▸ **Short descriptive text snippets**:
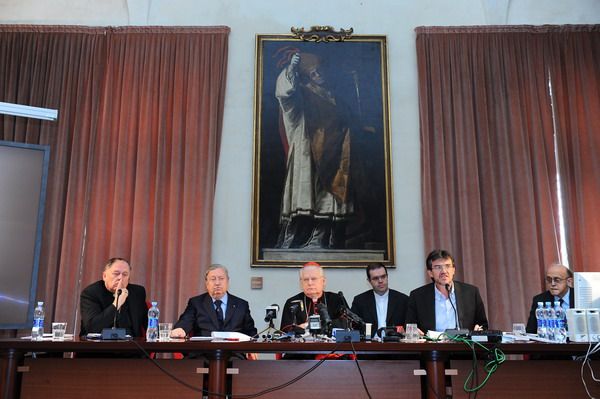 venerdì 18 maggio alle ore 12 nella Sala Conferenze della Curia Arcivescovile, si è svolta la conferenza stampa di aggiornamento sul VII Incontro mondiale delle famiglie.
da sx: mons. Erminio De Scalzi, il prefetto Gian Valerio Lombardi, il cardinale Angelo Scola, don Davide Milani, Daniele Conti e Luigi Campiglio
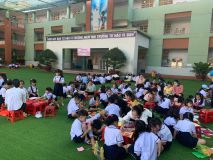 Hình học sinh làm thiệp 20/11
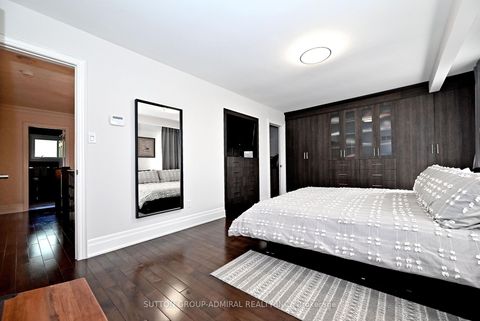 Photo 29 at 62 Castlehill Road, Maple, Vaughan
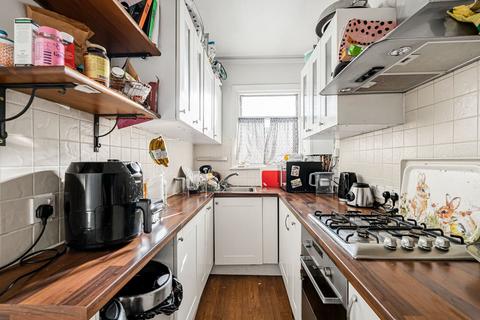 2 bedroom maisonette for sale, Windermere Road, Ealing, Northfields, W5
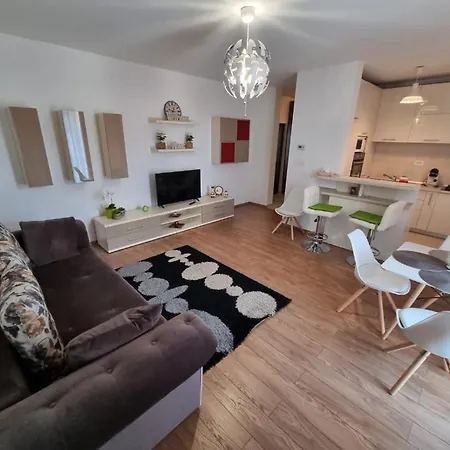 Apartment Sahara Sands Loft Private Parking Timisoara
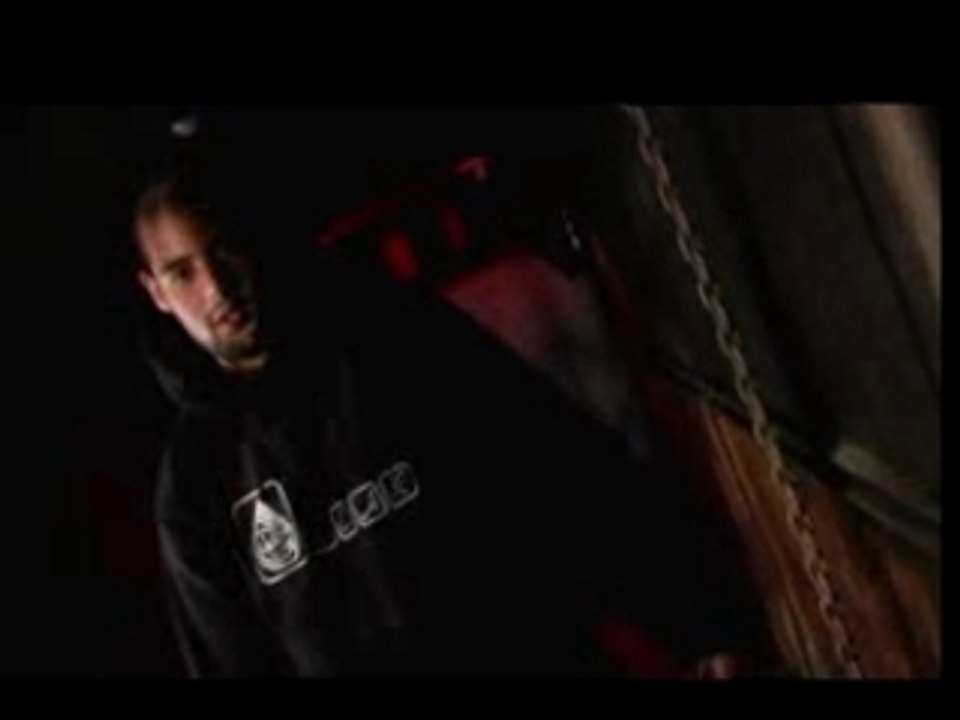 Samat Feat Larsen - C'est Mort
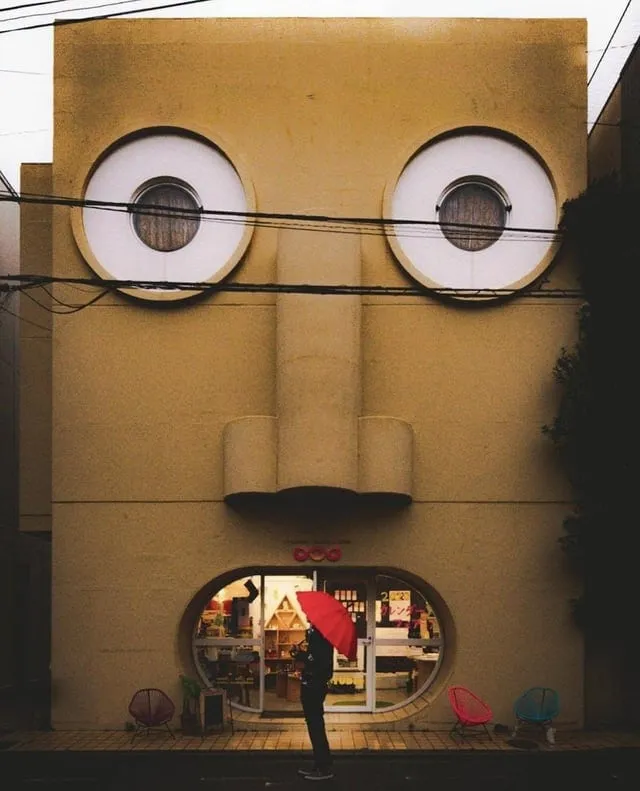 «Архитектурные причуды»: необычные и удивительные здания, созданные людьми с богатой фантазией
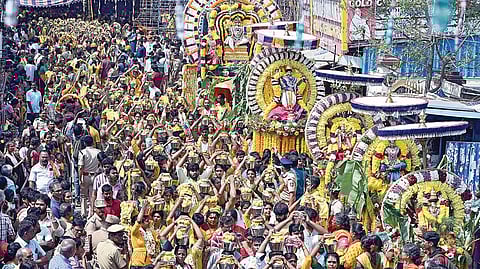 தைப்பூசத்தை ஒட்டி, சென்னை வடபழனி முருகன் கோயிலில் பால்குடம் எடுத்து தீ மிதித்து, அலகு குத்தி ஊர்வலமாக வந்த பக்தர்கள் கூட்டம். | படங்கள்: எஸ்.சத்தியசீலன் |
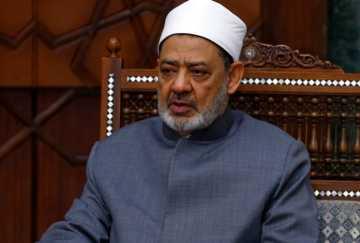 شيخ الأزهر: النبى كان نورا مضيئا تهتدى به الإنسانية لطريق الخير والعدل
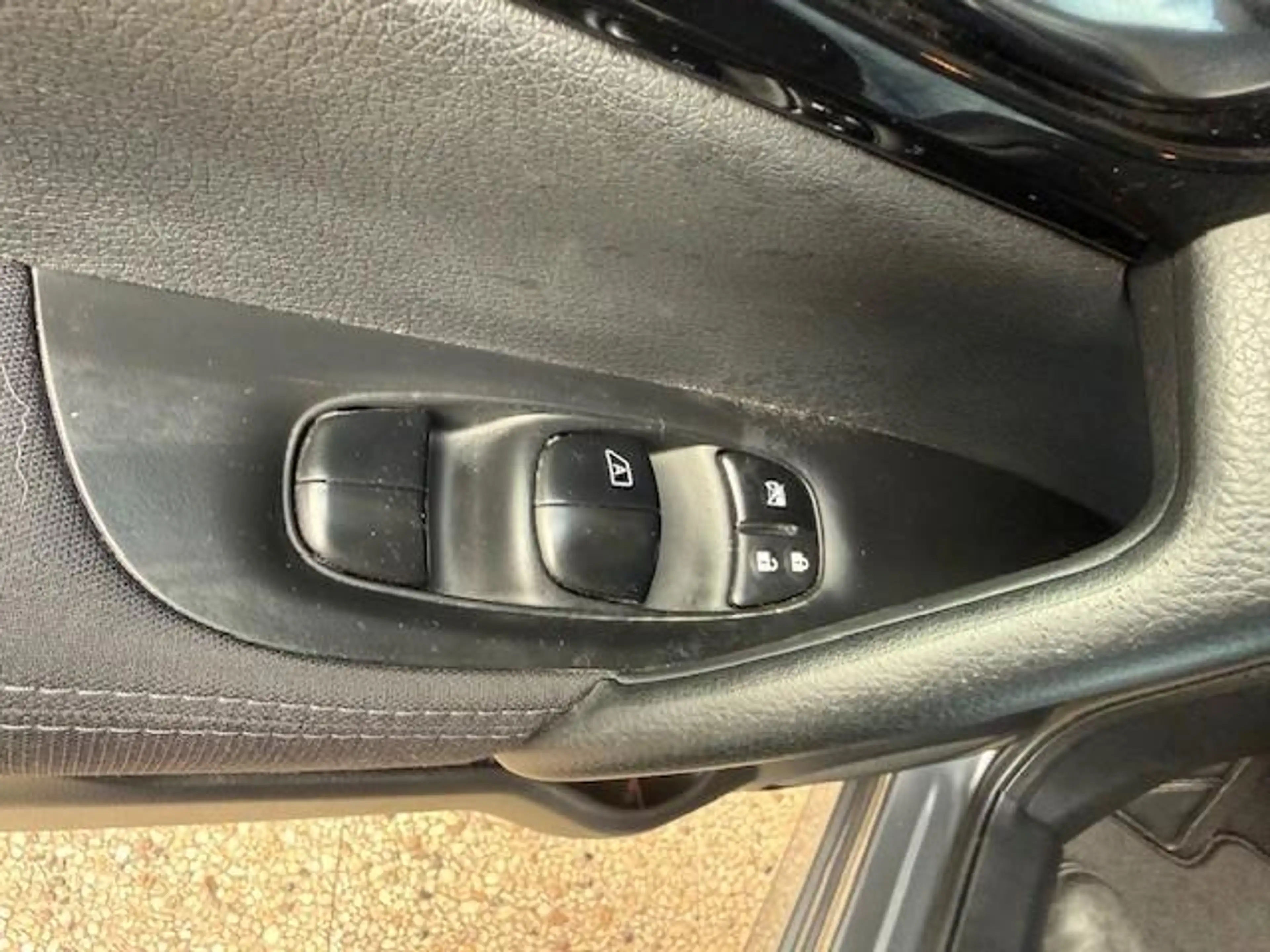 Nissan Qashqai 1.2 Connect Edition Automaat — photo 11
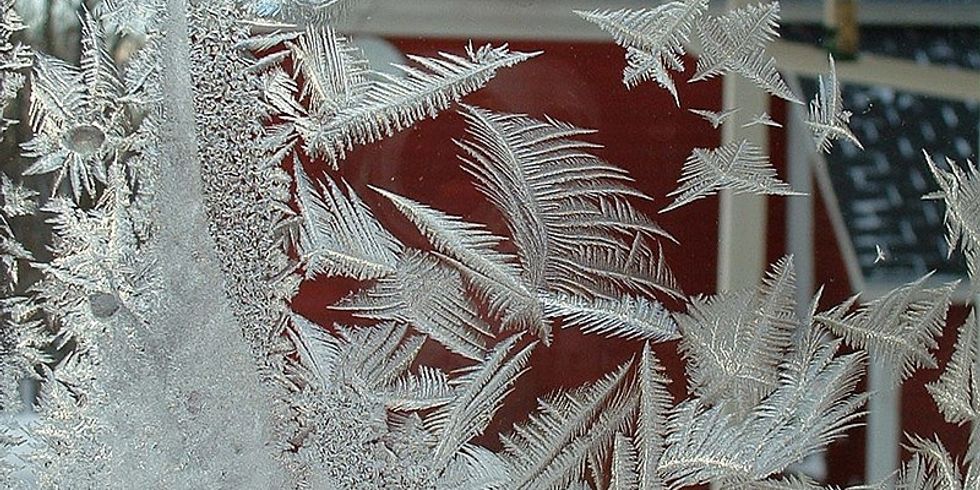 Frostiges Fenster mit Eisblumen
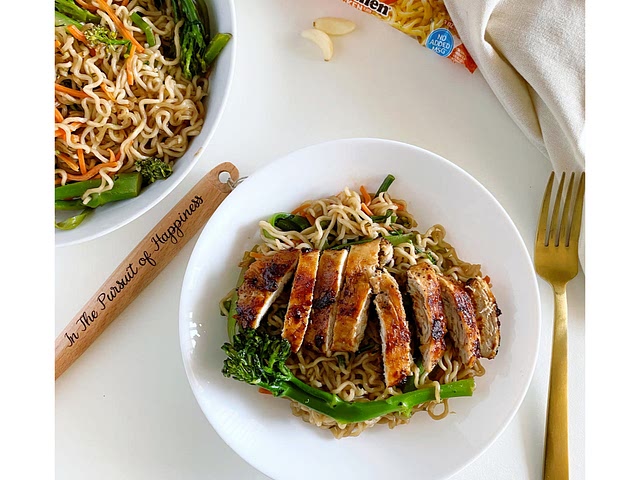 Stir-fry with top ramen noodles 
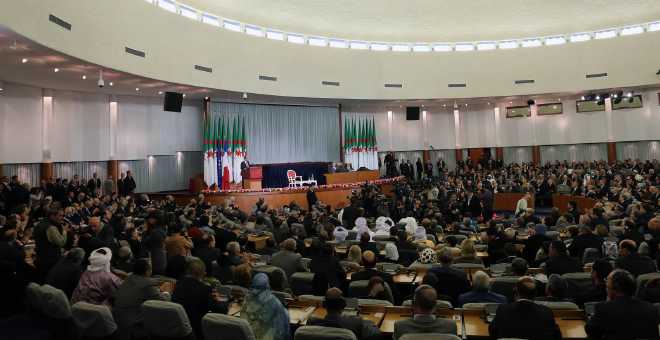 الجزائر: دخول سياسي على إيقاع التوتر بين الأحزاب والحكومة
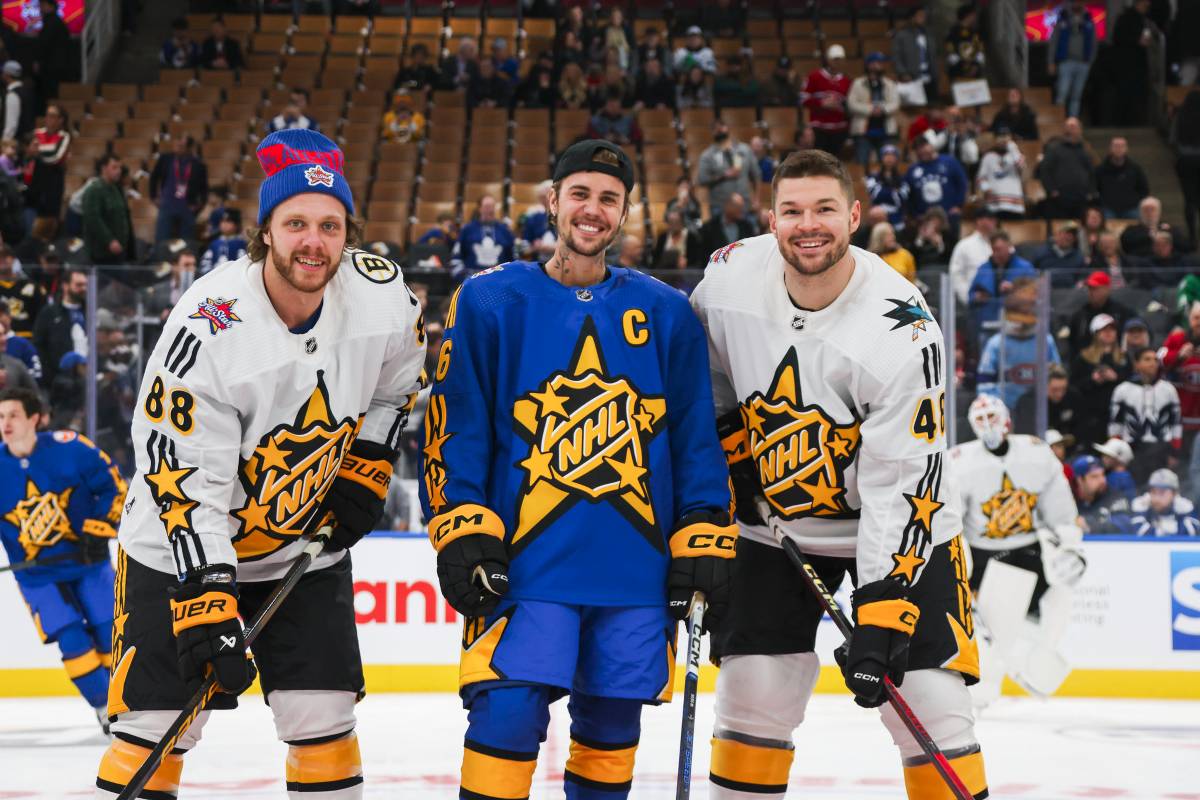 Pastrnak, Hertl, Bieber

▸ **Exercise aim**: Verbatim copy, pictures excluded: output the lines from the first line of the records above through the line containing "с богатой фантазией".

▸ **Response area**:
 venerdì 18 maggio alle ore 12 nella Sala Conferenze della Curia Arcivescovile, si è svolta la conferenza stampa di aggiornamento sul VII Incontro mondiale delle famiglie.
da sx: mons. Erminio De Scalzi, il prefetto Gian Valerio Lombardi, il cardinale Angelo Scola, don Davide Milani, Daniele Conti e Luigi Campiglio
 Hình học sinh làm thiệp 20/11
 Photo 29 at 62 Castlehill Road, Maple, Vaughan
 2 bedroom maisonette for sale, Windermere Road, Ealing, Northfields, W5
 Apartment Sahara Sands Loft Private Parking Timisoara
 Samat Feat Larsen - C'est Mort
 «Архитектурные причуды»: необычные и удивительные здания, созданные людьми с богатой фантазией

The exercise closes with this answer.